De voorzieningenrechter oordeelt dat er geen sprake is van een spoedeisend belang. Dit oordeel is gebaseerd op de overgelegde stukken, waaruit blijkt dat verzoeker geen acute financiële of medische noodsituatie heeft aangetoond. Verzoeker stelde dat zijn gezondheid lijdt onder de situatie en dat hij noodzakelijke medische zorg niet kan betalen, maar de voorzieningenrechter concludeert dat er geen bewijs is van schulden of achterstanden bij betalingen. Ook blijkt uit de bankafschriften dat verzoeker regelmatige inkomsten heeft en een maandelijkse uitkering ontvangt. De medische verklaring die verzoeker overlegt, toont aan dat er geen acute medische noodsituatie is.

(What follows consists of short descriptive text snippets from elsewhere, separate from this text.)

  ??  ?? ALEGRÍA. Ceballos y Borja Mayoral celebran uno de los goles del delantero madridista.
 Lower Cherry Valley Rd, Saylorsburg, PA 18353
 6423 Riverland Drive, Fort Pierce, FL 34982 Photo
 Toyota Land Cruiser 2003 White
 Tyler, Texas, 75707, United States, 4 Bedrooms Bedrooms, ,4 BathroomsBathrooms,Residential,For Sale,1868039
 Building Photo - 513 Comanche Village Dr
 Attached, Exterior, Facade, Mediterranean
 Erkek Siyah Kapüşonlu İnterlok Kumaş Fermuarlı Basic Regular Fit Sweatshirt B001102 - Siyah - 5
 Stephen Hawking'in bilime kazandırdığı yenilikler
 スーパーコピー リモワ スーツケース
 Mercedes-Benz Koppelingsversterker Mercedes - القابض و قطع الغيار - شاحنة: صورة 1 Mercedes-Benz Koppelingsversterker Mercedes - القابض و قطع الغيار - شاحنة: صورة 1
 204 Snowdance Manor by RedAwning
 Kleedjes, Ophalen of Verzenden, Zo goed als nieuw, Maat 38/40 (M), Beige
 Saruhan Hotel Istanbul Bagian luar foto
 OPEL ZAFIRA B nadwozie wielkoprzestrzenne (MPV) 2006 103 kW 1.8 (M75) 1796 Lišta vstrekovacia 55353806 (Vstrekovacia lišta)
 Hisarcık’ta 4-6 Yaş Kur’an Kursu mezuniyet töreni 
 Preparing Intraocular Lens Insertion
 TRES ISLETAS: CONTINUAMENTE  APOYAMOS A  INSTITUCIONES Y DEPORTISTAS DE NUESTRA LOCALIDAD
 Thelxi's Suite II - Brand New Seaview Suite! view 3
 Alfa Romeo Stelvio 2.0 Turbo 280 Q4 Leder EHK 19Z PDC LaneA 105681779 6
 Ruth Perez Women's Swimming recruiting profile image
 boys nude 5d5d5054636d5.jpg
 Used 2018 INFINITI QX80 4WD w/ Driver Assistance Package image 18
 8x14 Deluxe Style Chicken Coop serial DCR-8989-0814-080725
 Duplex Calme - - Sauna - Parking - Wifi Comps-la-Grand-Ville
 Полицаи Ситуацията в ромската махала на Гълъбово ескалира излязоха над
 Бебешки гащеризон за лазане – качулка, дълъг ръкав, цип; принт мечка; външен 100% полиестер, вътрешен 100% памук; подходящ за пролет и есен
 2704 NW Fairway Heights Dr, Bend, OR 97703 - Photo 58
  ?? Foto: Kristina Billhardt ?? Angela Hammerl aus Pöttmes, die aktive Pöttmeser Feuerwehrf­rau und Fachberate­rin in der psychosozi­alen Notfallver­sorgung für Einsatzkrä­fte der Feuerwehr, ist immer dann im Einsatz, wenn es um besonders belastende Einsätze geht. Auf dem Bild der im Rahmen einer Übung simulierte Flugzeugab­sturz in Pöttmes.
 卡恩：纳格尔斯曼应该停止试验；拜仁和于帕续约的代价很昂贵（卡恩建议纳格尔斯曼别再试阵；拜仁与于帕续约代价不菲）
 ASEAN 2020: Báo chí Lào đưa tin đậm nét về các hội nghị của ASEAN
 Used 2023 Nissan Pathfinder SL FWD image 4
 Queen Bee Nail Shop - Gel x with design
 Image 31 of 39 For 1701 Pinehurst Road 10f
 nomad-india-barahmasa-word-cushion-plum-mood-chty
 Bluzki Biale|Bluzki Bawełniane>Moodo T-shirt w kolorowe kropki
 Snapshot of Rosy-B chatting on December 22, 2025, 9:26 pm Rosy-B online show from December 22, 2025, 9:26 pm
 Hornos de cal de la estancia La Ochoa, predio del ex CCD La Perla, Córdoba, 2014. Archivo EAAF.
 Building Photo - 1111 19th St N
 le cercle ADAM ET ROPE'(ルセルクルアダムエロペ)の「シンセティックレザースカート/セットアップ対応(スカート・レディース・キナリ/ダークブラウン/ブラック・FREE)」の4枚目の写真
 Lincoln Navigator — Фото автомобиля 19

Omdat de voorzieningenrechter van oordeel is dat verzoeker geen spoedeisend belang heeft, kan de gevraagde voorziening alleen worden getroffen als het bestreden besluit evident onrechtmatig is. De voorzieningenrechter concludeert dat dit niet het geval is, en wijst het verzoek om voorlopige voorziening af. Er is geen aanleiding voor een proceskostenveroordeling.